Os materiais, substâncias e componentes transformados são insumos produzidos nas atividades agrícolas, florestais, de mineração, da pesca e produtos de outras atividades industriais.

Indústria metal mecânica | Foto Chan/We Art

Empregos e riqueza

Segundo dados do Observatório Fiesc, disponibilizados até 2019, existem cerca de 1,2 mil indústrias em Jaraguá do Sul - responsáveis por gerar mais de 34,4 mil empregos diretos. E são as indústrias de grande porte que mais empregam, correspondendo a 65% desse total.

Em torno de 13,3 mil pessoas trabalham na indústria têxtil, sendo responsável por cerca de 38%; na sequência está a de equipamentos elétricos com mais de 9,4 mil pessoas; e de máquinas e equipamentos com 2,6 mil pessoas.

O setor de serviços é responsável por uma fatia tão expressiva quanto a indústria, conseguindo gerar mais de 32,4 mil empregos em mais de 3,6 mil negócios.

Industria têxtil | Foto: Arquivo OCP News

Quando analisada a geração de riqueza, os dois setores possuem praticamente a mesma importância, gerando cerca de R$ 2,9 bilhões anuais em PIB (Produto Interno Bruto).

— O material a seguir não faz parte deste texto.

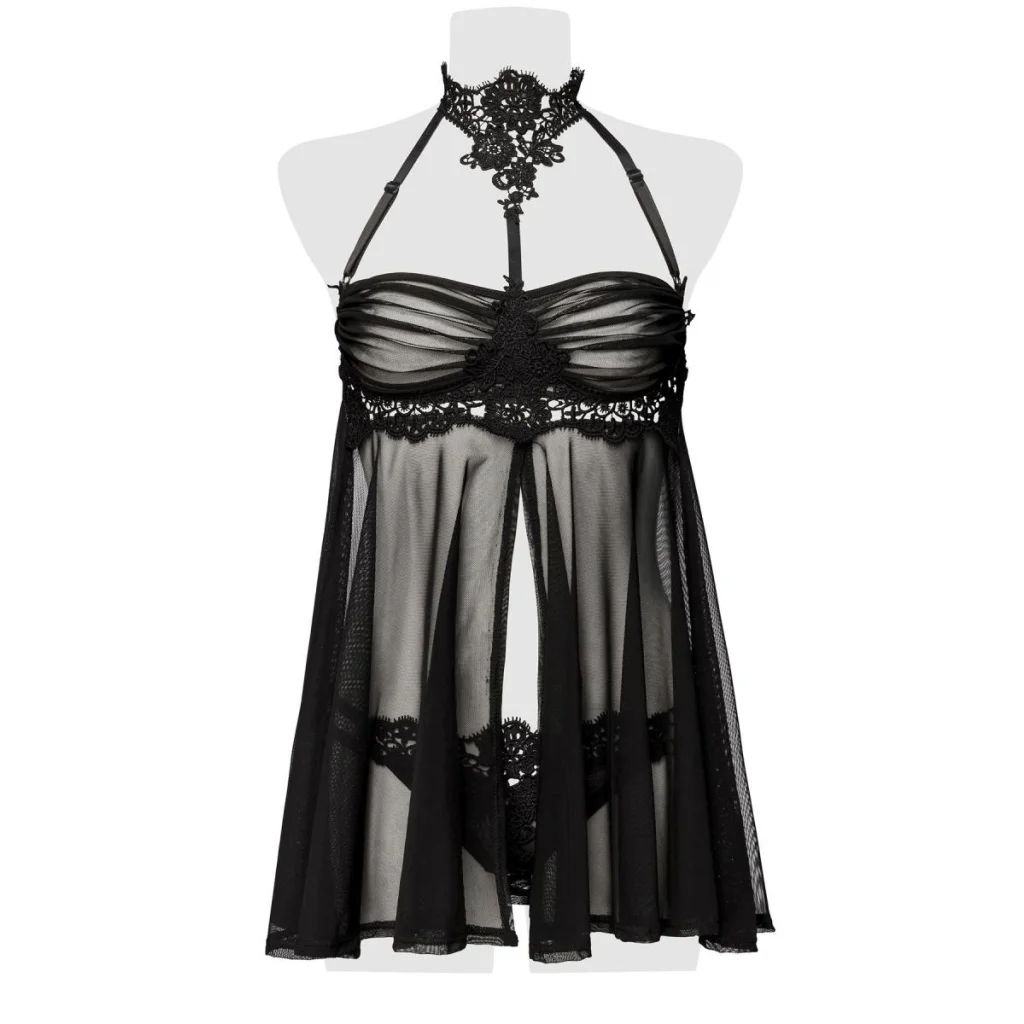 Negligé-Set aus transparentem Netz mit Neckholder von Grey Velvet , Dessous, Lingerie, Reizwäsche, sexy, erotisch, kaufen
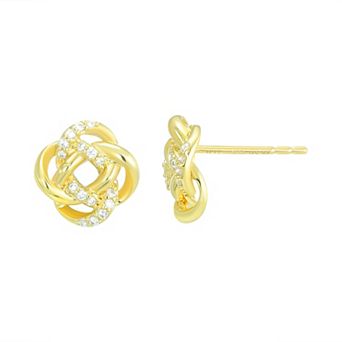 Mindful Brilliance 10k Gold 1/8 Carat T.W. Lab-Created Diamond Loveknot Stud Earrings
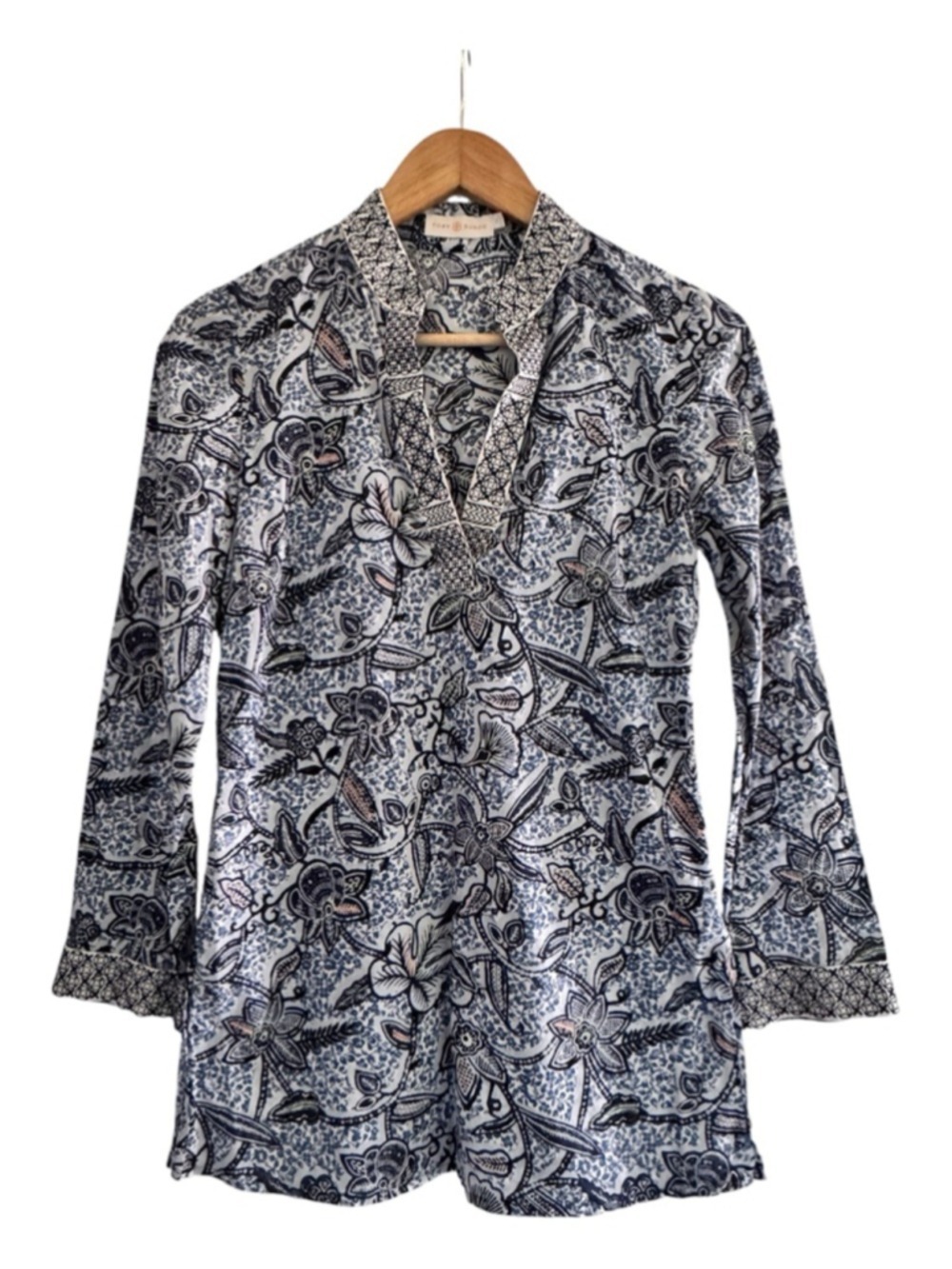 tory burch blue white floral tunic boho cotton blouse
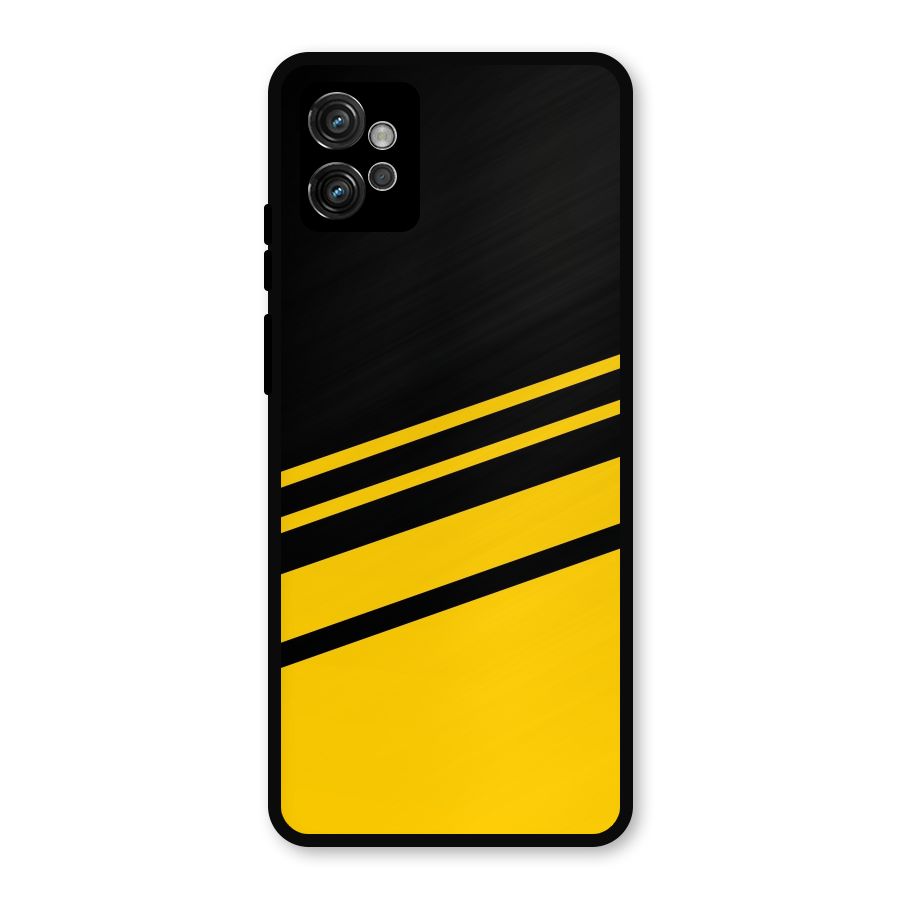 Slant Yellow Stripes Metal Back Case for Moto G32
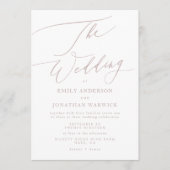 Moderne roze kalligrafie Eenvoudig huwelijk Kaart (Voorkant)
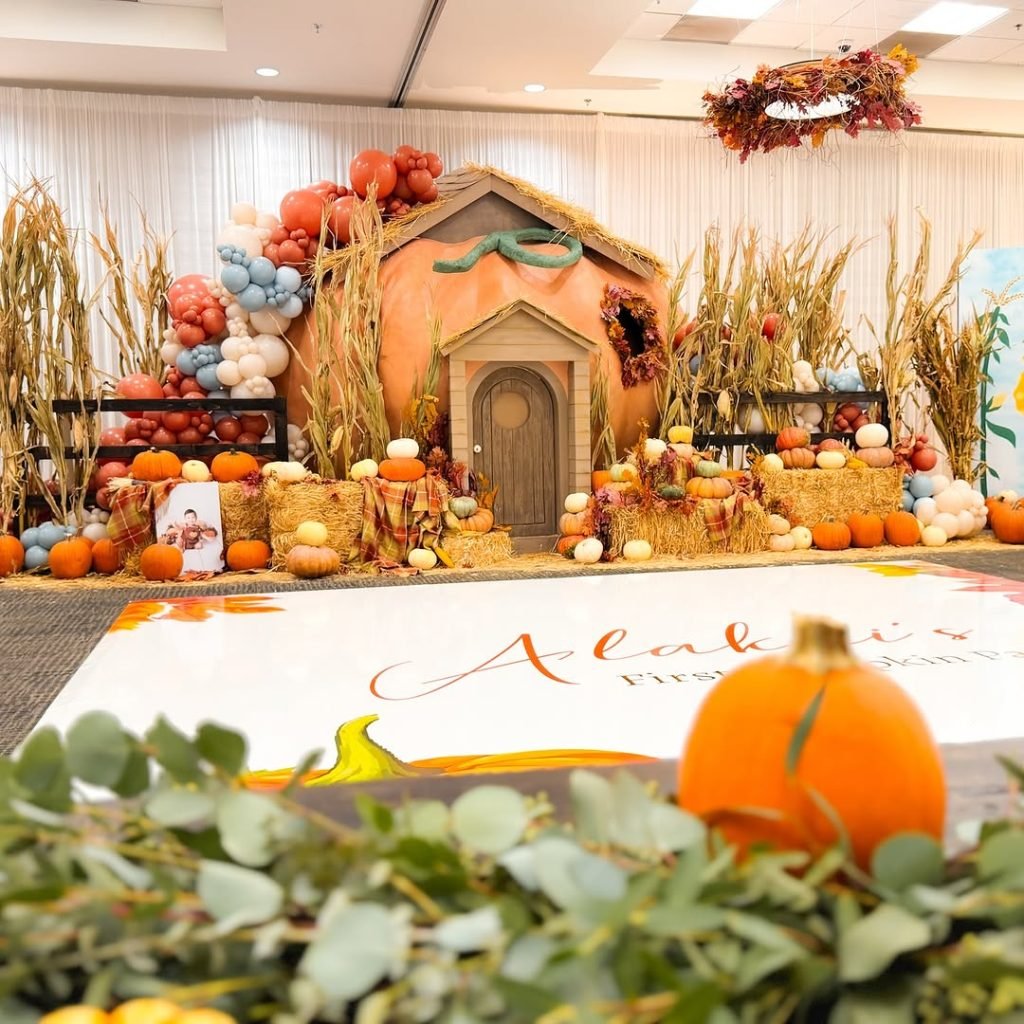 30 Trending Fall Baby Shower Themes and Decor Ideas for 2025 32 Pumpkin Patch Baby Shower backdrop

Segundo o Observatório da Fiesc, o setor da indústria é responsável por 43,27% da participação na atividade econômica do município, um pouco atrás do setor de comércio e serviços, que representa 44,39%.

“No entanto, sabemos que existem inúmeras empresas de serviços que existem por conta das indústrias, que são fornecedoras de insumos, peças e matérias-primas para as grandes indústrias”, pontua Arruda.

Sétimo PIB de SC

Jaraguá do Sul registrou o 7º maior Produto Interno Bruto entre os municípios catarinenses, segundo dados do Instituto Brasileiro de Geografia e Estatística (IBGE), divulgados em 2021. Os valores se referem à passagem de 2017 para 2018. Com um PIB de R$ 8,9 bilhões, o município registrou uma alta de 5,5% no período, ante aos R$ 8,5 bilhões de 2017.

Perfil econômico e futuro

No planejamento para o futuro, o município prevê ainda áreas de desenvolvimento industrial mais tradicionais, com áreas de instalação especialmente no Rio Cerro I, parte do Rio da Luz, João Pessoa e Ilha da Figueira.

Além disso, o poder público criou na lei de macrozoneamento o setor especial de industrialização sustentável, compreendido entre o bairro João Pessoa e Santa Luzia, e o setor especial Distrito de Inovação, localizado nos bairros do Rau, Estrada Nova, Três Rios do Sul e Água Verde.

O secretário Municipal de Desenvolvimento Econômico e Inovação Daniel de Arruda, explica que os setores especiais têm por objetivo a instalação de indústrias mais “leves” voltadas para o setor de tecnologia e inovação.

Arruda comenta que Jaraguá do Sul conta com uma economia muito dinâmica e vem notando o crescimento do setor de prestação de serviços, impulsionado especialmente pela terceirização e pela revolução digital.

“O setor de prestação de serviços vem ganhando espaço ano após ano, porém não se vislumbra uma “inversão” da matriz econômica a médio prazo, pois o setor industrial em nosso município também está se renovando e investindo em tecnologia e inovação. O que se percebe na verdade é uma diversificação das atividades industriais inovadoras, e o fortalecimento do ecossistema de inovação no município”, finaliza.